Their software was able to accurately find the register for thousands of images from this tagged set and assemble it into the final composite. Check out the video above to get an appreciation of the complexity of the application. While I am hardly an expert in image processing, the algorithmic complexity of the application boggles my mind. Particularly impressive are the sections in the video where he talks about photosynth finding the register of images in the actual assembled composite despite them having people , hands and other obstacles obscuring the view of the cathedral.

I also caught some of the discussion on microsofts channel 9 on the technology. I sure would like to know the concepts they used to put-together such an amazing app. I also wonder of any of these concepts can help improve image reconstruction techniques in use in the single particle bio-imaging field.

Ignite Boston- loved the format.

Just got back from the first ignite Boston event organized by O’Reilly. Met a lot of really cool people and heard a few good talks.
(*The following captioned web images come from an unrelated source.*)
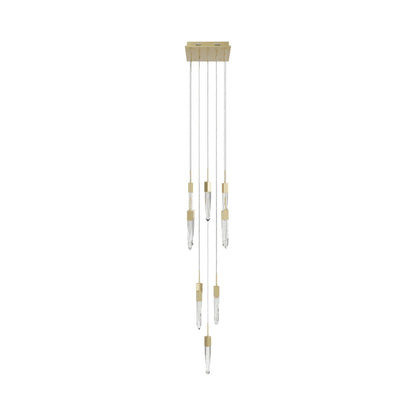 Aspen Multi Light Pendant Light in Brushed Brass (Bubbled Crystal/13-Light).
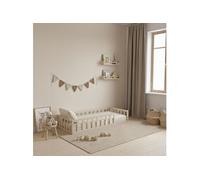 Lit inspiration Montessori enfant à barreaux naturel 90x190
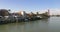 Seville tourist river bay cafâˆšÂ© sunny day 4k spain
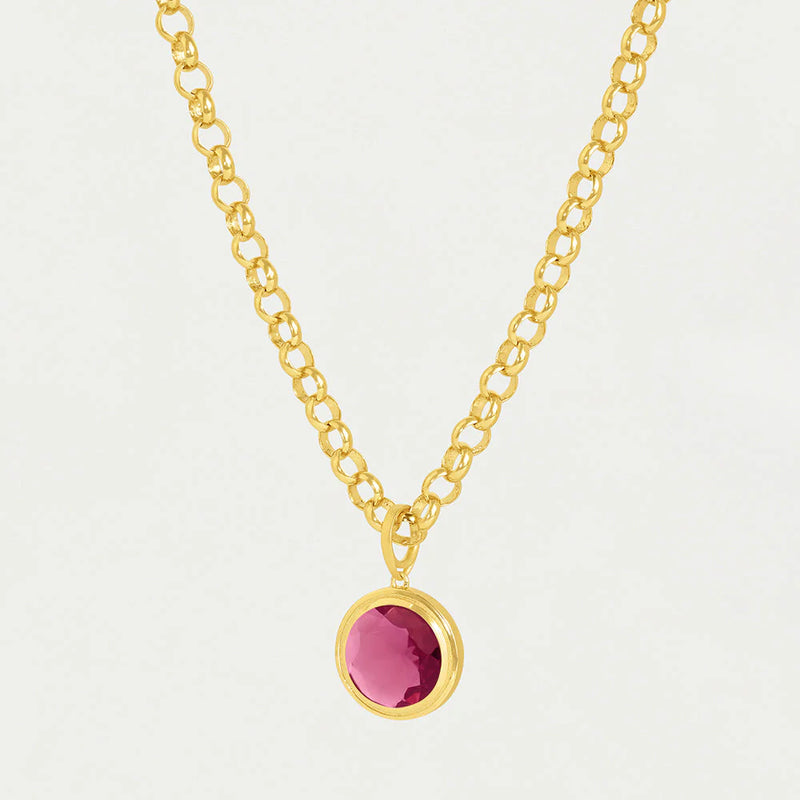 Signet Pendant Necklace - Vivid Pink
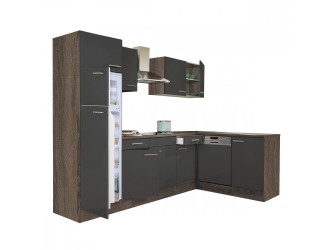 Yorki 280 sarok konyhabútor yorki tölgy korpusz,selyemfényű antracit fronttal felülfagyasztós hűtős szekrénnyel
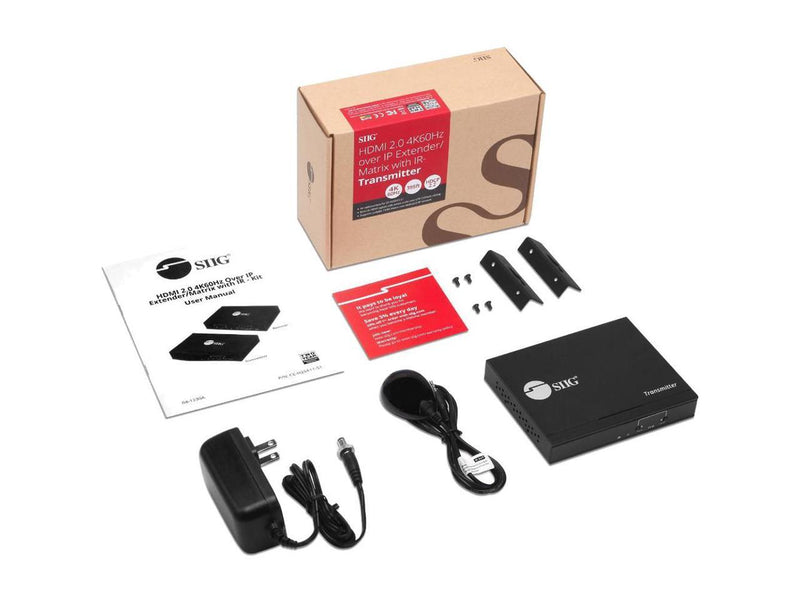 SIIG - CE-H25B11-S1 - SIIG HDMI 2.0 4K60Hz Over IP Extender / Matrix with IR -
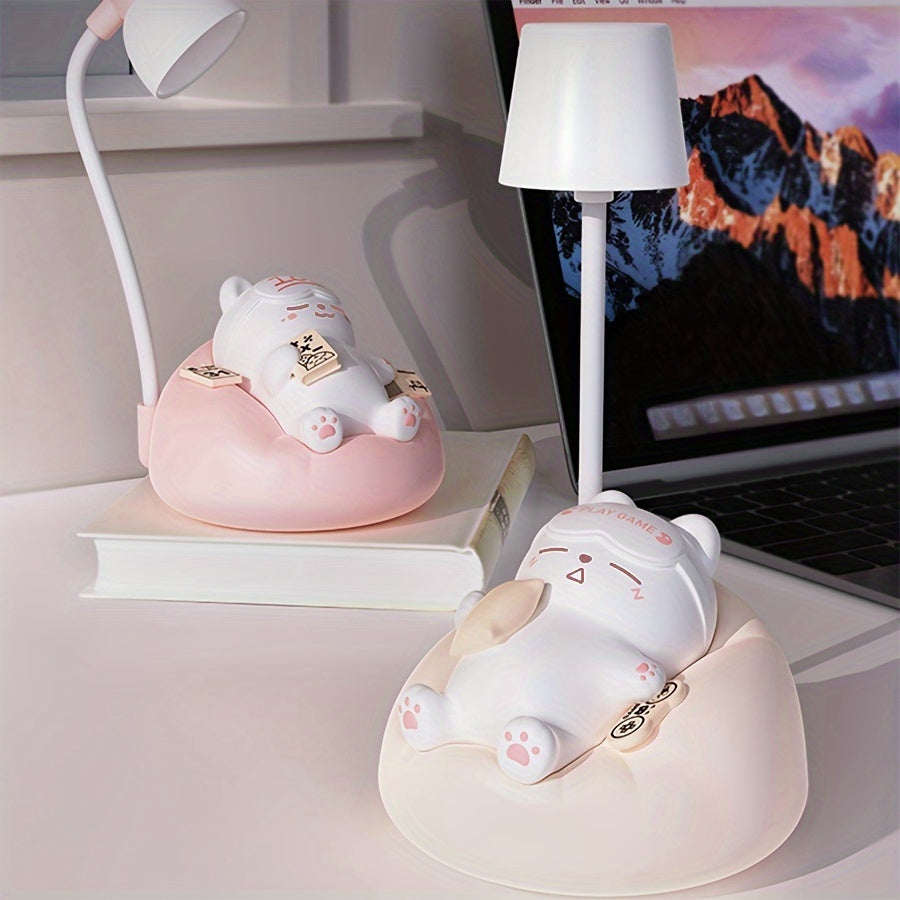 Soft Cat Night Light | 3 Brightness Levels | USB Rechargeable Table Lamp for Bedroom, Office & Dorm Decor FJORD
It was just strange that quite a few of the talks ended up as blatant sales pitches for new companies or were very partially disguised so they didnt sound like sales pitches. Regardless..

The catchiest demo was the one on buzzword, a fully WYSIWYG flash based word processing app that ran inside the browser from a Boston based startup, Virtual Ubiquity. Rick Treitman the CEO demoed the app which is still pre beta. The user experience it promised was truly breathtaking. Buzzword made google docs looks like your grandpas word processing app.

Matt Welsh gave a cool talk on wiring cambridge with 100 sensors connected by a 802.11 wireless grid . The NSF and Microsoft funded city sense project would open all these sensors to the public and make the sensors programmable and make their data available to the general public. ALong these lines Brian Jepson gave a good talk about blanketing Rhode Island with wifi and the cool things you could do with the Make magazine electronics kit and the RI-WIns network.

The talk by Matt Douglas was about marketing and how to go about publicizing a new web or computer startup. Woven into his talk was a plug for Punchbowl.com which touts itself as a replacement to evite.

Though I am hardly a gamer, the talk by Jason McIntosh from volity was interesting in its approach to bringing open source components into the online gaming world.

Among the general interest and non sales pitch oriented talks ,Rod Begbie gave a fun talk about good presentations and Chris Brogans talk on using social networking to actually network effectively, was very nicely done.

Greg Raiz from Raizlabs and PicMe a photo sharing site also gave a very nice talk about his websites approach to data organization , His theory was that perfect organization is not always what we want ( or should want) .

The event was held in a crowded room where it was almost impossible to hear anything going on on stage if you were in the back.

On the whole the event was a lot of fun and I cannot wait for Ignite 2- Boston.